X, y = make_regression(n_samples=10000, n_features=10)
dataset = lgb.Dataset(data=X, label=y, free_raw_data=False)

def my_callback(env):
    booster = env.model
    num_leaves = booster.dump_model(
        start_iteration=booster.num_trees() - 1, num_iteration=1
    )["tree_info"][0]["num_leaves"]
    for leaf_id in range(num_leaves):
        leaf_output = booster.get_leaf_output(
            tree_id=booster.num_trees() - 1, leaf_id=leaf_id
        )
        booster.set_leaf_output(
            tree_id=booster.num_trees() - 1, leaf_id=leaf_id, value=leaf_output + 1
        )

NUM_BOOST_ROUND = 3
booster1 = lgb.train(
    params=params, train_set=dataset, num_boost_round=3, callbacks=[my_callback]
)

for epoch in range(NUM_BOOST_ROUND):
    if epoch == 0:
        booster2 = lgb.train(
            params=params,
            num_boost_round=1,
            train_set=dataset,
        )
    else:
        booster2 = lgb.train(
            params=params,
            num_boost_round=1,
            train_set=dataset,
            init_model=booster2,
        )

    num_trees = booster2.num_trees()
    num_leaves = booster2.dump_model(start_iteration=num_trees - 1, num_iteration=1)[
        "tree_info"
    ][0]["num_leaves"]
    for leaf_id in range(num_leaves):
        leaf_output = booster2.get_leaf_output(tree_id=num_trees - 1, leaf_id=leaf_id)
        booster2.set_leaf_output(
            tree_id=num_trees - 1, leaf_id=leaf_id, value=leaf_output + 1
        )

# this should be the same, right?

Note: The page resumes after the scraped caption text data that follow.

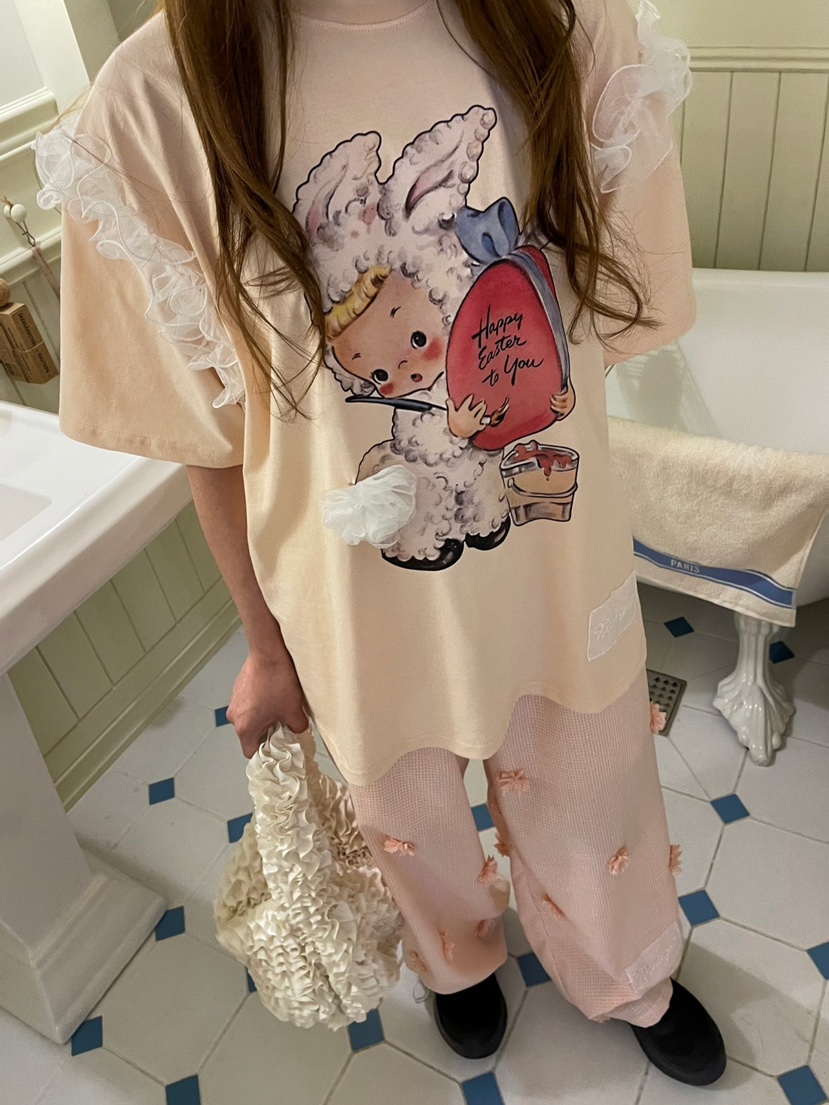 BOUTIQUE-L東大門實拍女士新款推薦熱賣25春夏休閑時尚休閑褲BOUTIQUE-L休閑褲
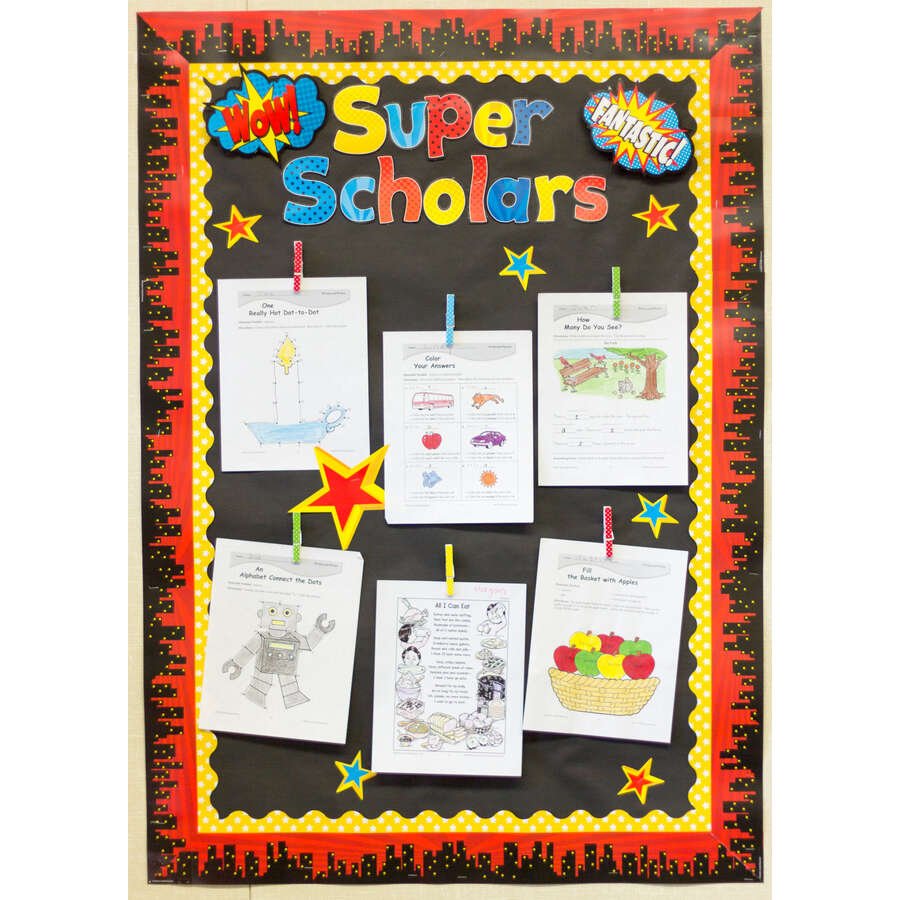 Superhero Funtastic 4" Letters Combo Pack-Letters-Tools 4 Teaching-Classroom Decor and More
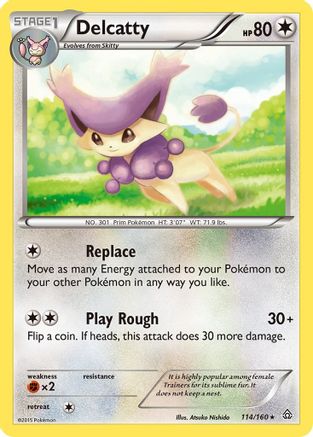 Delcatty (114/160) Reverse Holofoil [Primal Clash] - Rare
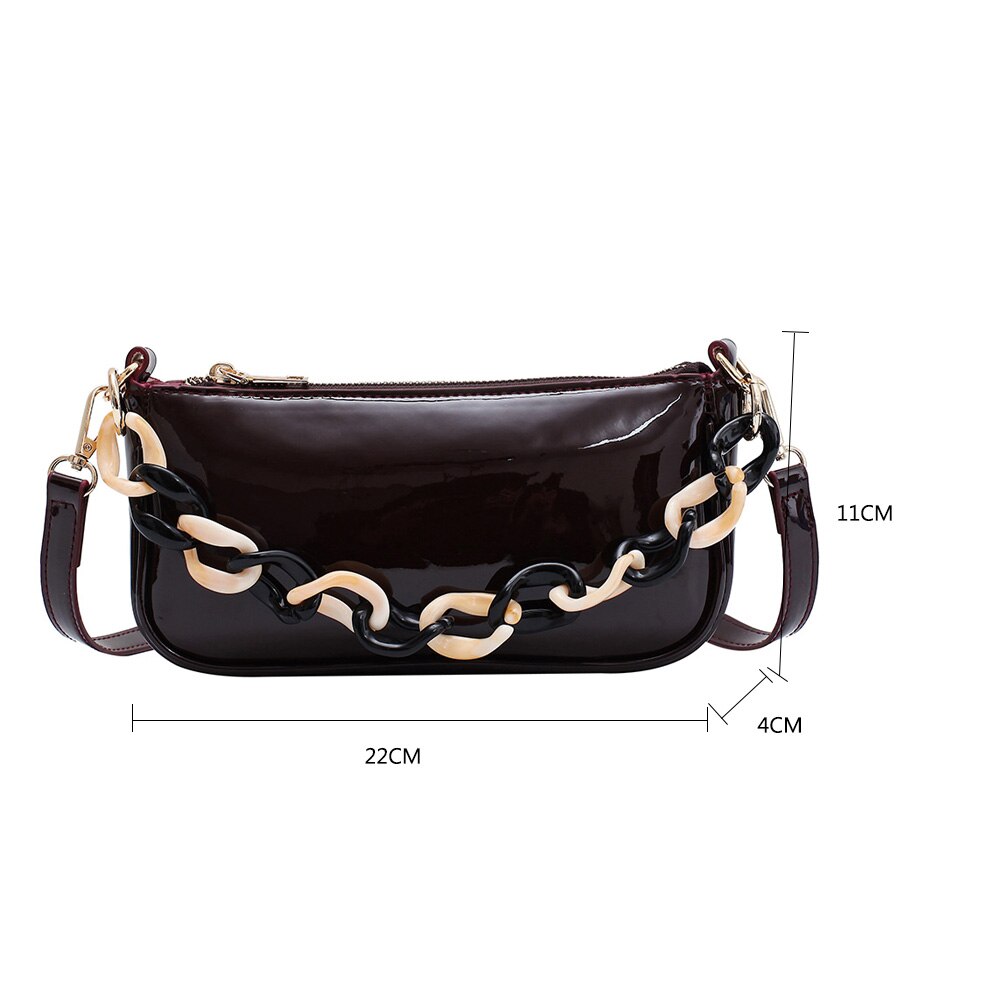 Tas Voor Vrouwen Schoudertassen Retro Split Pu Lederen Tassen Solid Dames Kleine Messenger Crossbody Handtas Vrouwelijke Tote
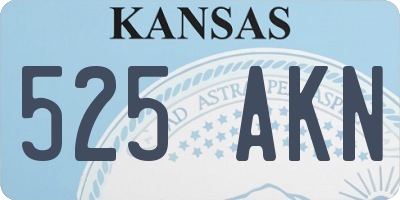 KS license plate 525AKN
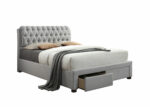 birlea fabic Valentino 2 Drawer Fabric Bed -7558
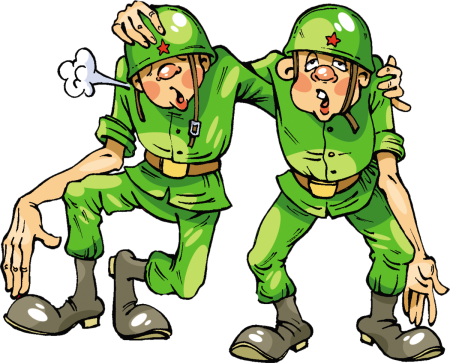 Мультяшный военный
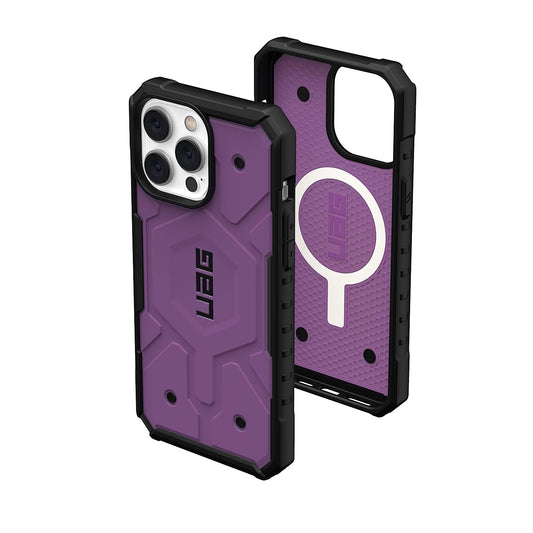 Uag magsafe pathfinder Armor Lightweight Slim Case 14 pro and 14 pro max-purple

They are close, but not the same
print(booster1.get_leaf_output(NUM_BOOST_ROUND-1, 1), booster2.get_leaf_output(NUM_BOOST_ROUND-1, 1))

Environment info

LightGBM version or commit hash: 4.0.0

Command(s) you used to install LightGBM

pip install lightgbm

Additional Comments

jrvmalik commented 1 year ago

Setting the leaf output does not change the inner prediction buffer. booster._Booster__inner_predict_buffer[0] is basically the train predictions for each iteration. To make boosting work, you would also want to update that by adding the offset from the new leaf scores. Not 100% sure but definitely worth a try.